Electric vehicles could bring more than 3,000 terawatt-hours of electricity demand per year to the grid in the U.S. by 2040, but charging trends so far haven't done much to offset an expected decline in over electricity demand, according to the Smart Electric Power Alliance.
Electricity consumption for EVs will largely depend on the individual community and its driving patterns, said Erika Myers, senior manager of research for SEPA. But by 2040, EVs are expected to represent 40 percent of vehicle sales, according to Bloomberg New Energy Finance, an energy research firm. This represents more than 3,000 TWh of energy use per year, Myers said during a June 24 webinar hosted by SEPA.
Conversely, distributed solar installations are expected to lead to less traditional power demand. The average solar system produces about 1,400 kilowatt-hours, Myers said. In 2015, EV charging only offset about 15 percent of the electricity produced by residential PV, and that offset is expected to rise to 18 percent by 2021. Myers said forecasts beyond 2021 are less clear.
Forecasts for EV adoption are also difficult to pin down, she said. National forecasts for EV growth diverge depending on what models are based on — currently low oil prices, limited but growing manufacturer product development, and high but declining battery costs, SEPA said in a May brief to its members. The Energy Information Administration projects only about 800,000 light duty EVs on the road by 2021, compared to BNEF's much higher estimate of about 2.6 million over the next five years. And all these predictions differ for each community, SEPA said.
But one thing utilities do know is that they can make an impact on EV charging infrastructure now, as well as customer behavior, as seen in the Salt River Project's charger-less EV program. SRP launched a web portal last year that has brought about one third of the community's estimated 3,000 EV owners in touch with the utility about their locations and charging habits.
"We don't want you to be caught unprepared," Myers said. "EVs are coming — maybe not tomorrow, but at some point in the future, and your utility should know what your options are and to what extent you should or shouldn't participate in the market."

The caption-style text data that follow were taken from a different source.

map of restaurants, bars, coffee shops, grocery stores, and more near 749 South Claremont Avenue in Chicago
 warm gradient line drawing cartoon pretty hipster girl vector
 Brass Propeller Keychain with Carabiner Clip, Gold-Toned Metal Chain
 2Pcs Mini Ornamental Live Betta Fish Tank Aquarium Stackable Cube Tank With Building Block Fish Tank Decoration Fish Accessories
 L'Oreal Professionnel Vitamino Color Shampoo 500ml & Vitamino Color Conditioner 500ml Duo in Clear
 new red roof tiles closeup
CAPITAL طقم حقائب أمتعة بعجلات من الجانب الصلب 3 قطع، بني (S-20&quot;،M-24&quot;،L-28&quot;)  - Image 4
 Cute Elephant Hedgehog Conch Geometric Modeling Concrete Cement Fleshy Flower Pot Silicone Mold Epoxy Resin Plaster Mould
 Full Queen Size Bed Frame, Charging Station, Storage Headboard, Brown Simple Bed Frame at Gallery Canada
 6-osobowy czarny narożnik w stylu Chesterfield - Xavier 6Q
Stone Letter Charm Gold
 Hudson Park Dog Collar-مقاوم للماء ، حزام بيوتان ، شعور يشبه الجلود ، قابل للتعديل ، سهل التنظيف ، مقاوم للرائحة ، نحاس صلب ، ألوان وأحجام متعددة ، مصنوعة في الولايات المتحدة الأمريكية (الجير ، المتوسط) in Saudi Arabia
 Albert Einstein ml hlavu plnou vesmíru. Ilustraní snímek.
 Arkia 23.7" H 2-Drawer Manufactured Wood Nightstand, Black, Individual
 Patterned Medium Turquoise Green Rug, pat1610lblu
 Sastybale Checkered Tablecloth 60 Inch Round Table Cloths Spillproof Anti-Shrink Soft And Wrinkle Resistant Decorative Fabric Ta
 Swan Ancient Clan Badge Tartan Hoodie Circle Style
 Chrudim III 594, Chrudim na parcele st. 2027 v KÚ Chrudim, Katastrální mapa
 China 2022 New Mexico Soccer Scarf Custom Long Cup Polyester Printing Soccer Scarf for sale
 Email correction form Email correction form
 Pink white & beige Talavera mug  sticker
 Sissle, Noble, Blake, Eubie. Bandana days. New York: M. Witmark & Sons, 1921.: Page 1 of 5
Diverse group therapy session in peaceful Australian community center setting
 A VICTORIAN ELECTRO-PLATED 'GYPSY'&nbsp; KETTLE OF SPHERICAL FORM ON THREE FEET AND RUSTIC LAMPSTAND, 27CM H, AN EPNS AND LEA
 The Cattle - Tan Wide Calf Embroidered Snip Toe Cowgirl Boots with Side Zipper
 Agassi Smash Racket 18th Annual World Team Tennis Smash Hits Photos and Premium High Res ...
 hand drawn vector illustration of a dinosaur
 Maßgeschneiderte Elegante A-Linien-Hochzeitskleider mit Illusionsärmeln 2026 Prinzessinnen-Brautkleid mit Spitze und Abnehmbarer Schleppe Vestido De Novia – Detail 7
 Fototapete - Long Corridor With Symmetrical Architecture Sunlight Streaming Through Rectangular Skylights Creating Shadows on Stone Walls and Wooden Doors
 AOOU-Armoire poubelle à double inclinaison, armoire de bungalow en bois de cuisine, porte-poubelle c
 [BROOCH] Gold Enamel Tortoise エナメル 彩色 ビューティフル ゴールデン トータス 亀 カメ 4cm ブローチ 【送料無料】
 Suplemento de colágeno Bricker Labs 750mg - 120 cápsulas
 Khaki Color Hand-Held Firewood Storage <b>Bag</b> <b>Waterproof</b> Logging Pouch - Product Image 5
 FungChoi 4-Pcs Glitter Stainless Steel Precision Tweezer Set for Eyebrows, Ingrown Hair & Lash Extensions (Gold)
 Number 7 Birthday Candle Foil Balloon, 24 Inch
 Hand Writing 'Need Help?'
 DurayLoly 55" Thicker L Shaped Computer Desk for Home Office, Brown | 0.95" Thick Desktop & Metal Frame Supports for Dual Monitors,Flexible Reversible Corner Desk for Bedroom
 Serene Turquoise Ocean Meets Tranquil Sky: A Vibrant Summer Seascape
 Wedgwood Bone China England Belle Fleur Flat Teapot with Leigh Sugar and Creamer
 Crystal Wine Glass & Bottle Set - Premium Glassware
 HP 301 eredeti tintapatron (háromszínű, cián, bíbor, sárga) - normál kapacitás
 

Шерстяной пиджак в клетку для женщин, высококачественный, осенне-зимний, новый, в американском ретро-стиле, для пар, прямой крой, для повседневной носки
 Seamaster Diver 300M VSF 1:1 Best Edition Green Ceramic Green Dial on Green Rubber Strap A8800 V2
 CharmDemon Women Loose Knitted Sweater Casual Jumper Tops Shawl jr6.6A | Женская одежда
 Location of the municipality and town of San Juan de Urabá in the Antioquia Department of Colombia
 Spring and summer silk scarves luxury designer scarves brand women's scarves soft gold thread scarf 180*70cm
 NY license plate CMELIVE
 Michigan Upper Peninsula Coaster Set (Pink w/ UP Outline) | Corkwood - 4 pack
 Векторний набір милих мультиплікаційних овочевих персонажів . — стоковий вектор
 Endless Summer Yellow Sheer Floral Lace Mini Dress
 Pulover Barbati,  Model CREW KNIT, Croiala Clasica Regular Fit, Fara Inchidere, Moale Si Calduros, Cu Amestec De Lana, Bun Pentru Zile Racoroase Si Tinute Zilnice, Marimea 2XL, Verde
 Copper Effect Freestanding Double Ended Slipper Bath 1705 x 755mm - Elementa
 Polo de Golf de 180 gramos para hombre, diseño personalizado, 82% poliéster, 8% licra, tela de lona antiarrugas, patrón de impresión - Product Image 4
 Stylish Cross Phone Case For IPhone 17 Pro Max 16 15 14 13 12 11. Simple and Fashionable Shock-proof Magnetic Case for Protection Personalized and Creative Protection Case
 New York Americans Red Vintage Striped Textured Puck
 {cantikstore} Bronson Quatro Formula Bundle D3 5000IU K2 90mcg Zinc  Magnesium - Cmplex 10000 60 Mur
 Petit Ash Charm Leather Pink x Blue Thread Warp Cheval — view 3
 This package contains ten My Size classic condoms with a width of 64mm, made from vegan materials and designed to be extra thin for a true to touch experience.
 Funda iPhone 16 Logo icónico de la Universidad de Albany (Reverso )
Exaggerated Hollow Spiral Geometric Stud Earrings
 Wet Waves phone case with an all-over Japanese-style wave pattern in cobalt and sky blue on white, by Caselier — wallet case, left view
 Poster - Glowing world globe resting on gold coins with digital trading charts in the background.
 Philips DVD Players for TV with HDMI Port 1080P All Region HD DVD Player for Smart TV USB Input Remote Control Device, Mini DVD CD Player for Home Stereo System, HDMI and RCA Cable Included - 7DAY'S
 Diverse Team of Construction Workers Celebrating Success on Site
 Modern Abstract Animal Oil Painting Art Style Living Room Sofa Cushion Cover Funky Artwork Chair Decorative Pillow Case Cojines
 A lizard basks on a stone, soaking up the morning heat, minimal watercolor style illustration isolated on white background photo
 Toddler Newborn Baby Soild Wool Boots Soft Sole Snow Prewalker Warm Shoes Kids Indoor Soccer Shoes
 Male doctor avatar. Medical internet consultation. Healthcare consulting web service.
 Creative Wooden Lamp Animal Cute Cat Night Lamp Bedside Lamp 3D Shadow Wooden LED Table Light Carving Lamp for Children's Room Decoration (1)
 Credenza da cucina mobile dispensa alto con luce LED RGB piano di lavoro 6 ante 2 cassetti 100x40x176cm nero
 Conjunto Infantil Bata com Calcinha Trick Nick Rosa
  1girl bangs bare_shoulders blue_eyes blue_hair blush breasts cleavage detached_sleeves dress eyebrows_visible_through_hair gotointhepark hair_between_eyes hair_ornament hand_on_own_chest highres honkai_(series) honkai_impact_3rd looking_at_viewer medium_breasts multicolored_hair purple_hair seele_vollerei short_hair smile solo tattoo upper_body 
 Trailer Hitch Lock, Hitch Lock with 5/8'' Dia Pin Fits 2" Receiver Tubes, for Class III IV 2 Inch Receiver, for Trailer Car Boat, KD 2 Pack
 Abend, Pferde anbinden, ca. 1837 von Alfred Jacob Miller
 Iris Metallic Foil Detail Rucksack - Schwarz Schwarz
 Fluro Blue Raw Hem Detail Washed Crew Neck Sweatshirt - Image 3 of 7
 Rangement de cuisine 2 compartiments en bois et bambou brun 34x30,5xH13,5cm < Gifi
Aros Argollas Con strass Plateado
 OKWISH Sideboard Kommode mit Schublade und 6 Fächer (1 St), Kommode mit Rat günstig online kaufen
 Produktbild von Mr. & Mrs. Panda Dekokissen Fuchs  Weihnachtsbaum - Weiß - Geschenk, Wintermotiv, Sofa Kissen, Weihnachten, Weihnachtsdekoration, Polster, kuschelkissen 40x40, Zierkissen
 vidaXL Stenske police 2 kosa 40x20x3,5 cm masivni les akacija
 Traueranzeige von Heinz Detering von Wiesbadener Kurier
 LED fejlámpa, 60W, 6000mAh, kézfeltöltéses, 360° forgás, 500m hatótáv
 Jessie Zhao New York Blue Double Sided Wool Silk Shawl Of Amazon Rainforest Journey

Utilities who get ahead of the expected mass adoption of EVs will be better positioned to respond, she said. EVs have the potential to shift load or help manage daytime solar generation, SEPA said in its May brief. Utilities may consider deploying charging stations in strategic locations, implementing EV incentives or special charging rates, developing partnerships for equipment deployment and consumer education, or even deploying their own utility-owned EV fleets and workplace charges.